Now dried ramp leaves are delicious, but too many of them can come off as a bit swampy, if that makes any sense. balance in all things. But how much balance? After a few versions, I decided to cut the ramp leaves 50% with other seasonings.
By comparison, using 50% garlic or onion powder in a rub would be offensively oniony, dried ramp leaves, on the other hand, are more delicate, and can be used with a heavier hand.
The spices here I specifically chose with the ramps flavor profile in mind. Carrot family seasonings are great here since they can easily coexist with the ramps without taking over, like cinnamon or cloves might.
Coriander was the first one I reached for, since the brightness gives a needed lift to the woodsy-ness. Cumin is another great partner, that, while strong in itself, can add a good undertone that the ramps love (another simple rub is just cumin, pepper and dried ramp leaves).
Finally, a healthy dose of fresh ground black pepper adds some warmth that won't overpower things, and a smaller amount of paprika adds a little color and increases the affinity of the rub for contacting hot oil.
That being said, this rub is just a beginning, not an end. I really encourage you to try out my batch first, but afterwords, depending on what you're making, there's some other great additions you might add to the basic recipe. Here's a few examples:
Additions to make the rub your own
- Adding lightly toasted sesame seeds can give a nice combination of flavor, similar to zaatar.
- Dried oregano or even better, dried monarda fistulosa can also work well here.
- If you want to use the rub with fish, increase the coriander and decrease the black pepper by half.
- Substitute ground sumac for paprika
How to use
- Use as a generous rub for pork and beef. Use a lighter hand for chicken or fish.
- It's great to rub on smoked meat. For the best crust, season the meat with salt, then rub with the ramp rub and allow to rest overnight before smoking. Same goes for braising.

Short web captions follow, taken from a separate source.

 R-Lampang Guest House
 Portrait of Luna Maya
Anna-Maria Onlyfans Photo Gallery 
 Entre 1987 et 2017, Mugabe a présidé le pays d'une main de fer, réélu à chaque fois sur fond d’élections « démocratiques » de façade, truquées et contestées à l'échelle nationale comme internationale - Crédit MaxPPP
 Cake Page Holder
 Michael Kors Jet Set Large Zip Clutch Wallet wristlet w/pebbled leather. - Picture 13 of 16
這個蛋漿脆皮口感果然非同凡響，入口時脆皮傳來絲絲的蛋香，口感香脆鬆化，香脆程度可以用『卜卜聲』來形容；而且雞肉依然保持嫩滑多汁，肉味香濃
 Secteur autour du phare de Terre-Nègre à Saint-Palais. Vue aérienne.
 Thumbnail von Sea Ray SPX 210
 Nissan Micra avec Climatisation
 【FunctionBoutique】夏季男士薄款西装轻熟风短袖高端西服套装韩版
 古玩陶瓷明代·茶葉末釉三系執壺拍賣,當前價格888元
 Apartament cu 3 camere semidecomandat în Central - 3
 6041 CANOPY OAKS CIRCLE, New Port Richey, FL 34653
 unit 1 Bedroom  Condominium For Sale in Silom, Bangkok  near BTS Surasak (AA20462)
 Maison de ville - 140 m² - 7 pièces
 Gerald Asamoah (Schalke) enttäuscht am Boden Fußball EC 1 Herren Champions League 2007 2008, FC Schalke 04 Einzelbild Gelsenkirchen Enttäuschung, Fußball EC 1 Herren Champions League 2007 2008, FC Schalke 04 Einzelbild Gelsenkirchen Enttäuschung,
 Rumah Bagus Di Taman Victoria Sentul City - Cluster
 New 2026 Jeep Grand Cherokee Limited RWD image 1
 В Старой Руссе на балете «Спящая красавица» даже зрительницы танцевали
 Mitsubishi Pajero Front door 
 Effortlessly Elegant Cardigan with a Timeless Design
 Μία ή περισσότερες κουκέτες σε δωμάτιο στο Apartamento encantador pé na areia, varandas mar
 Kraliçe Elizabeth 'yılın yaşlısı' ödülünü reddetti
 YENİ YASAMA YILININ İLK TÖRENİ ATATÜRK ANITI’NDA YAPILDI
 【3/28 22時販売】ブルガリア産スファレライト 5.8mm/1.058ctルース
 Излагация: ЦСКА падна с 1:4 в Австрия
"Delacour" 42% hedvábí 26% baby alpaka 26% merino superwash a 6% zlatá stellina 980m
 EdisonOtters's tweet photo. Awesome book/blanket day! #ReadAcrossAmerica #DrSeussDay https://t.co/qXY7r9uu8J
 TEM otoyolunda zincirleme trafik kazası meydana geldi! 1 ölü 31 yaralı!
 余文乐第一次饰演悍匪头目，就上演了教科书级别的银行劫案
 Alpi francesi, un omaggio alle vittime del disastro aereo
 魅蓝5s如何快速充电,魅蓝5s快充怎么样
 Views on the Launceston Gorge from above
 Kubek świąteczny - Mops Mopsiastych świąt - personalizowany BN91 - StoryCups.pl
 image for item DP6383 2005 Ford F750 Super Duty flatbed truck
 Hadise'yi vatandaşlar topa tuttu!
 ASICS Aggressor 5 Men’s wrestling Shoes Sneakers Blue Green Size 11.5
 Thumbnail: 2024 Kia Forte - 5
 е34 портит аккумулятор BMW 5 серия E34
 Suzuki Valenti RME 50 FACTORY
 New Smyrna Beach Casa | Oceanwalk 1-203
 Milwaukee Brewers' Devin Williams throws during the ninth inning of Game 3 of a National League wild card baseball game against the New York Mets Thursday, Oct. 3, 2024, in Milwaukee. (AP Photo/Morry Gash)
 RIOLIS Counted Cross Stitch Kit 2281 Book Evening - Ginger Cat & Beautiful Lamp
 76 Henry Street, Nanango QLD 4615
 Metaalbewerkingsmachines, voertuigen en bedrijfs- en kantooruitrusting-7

- As a sprinkle. Think freshly cooked rice, steamed vegetables, etc.
- In soups. Use a light hand here since there's a good amount of black pepper that can make soup spicy.
Dried Ramp Leaf Rub
- 1 oz (½ cup) ground dried ramp leaves
- 3 grams (1 teaspoon) black peppercorns
- 14 grams (2 Tablespoons) cumin seed
- 7 grams (1 Tablespoon) fennel seed
- 14 grams (2 Tablespoons) coriander
- 14 grams (2 Tablespoons) sweet paprika
- Combine all ingredients and grind to a fine powder in a highspeed blender, or use a spice grinder and work in batches.
- If you have a strong arm, you could also make a coarse seasoning using a mortar and pestle, but the flavors won’t be as evenly combined.
- Store in a pantry in an air tight container. The seasoning will last (meaning keep a strong flavor, like other dried spices) for a month or two at room temperature, or can be frozen or refrigerated for longer storage.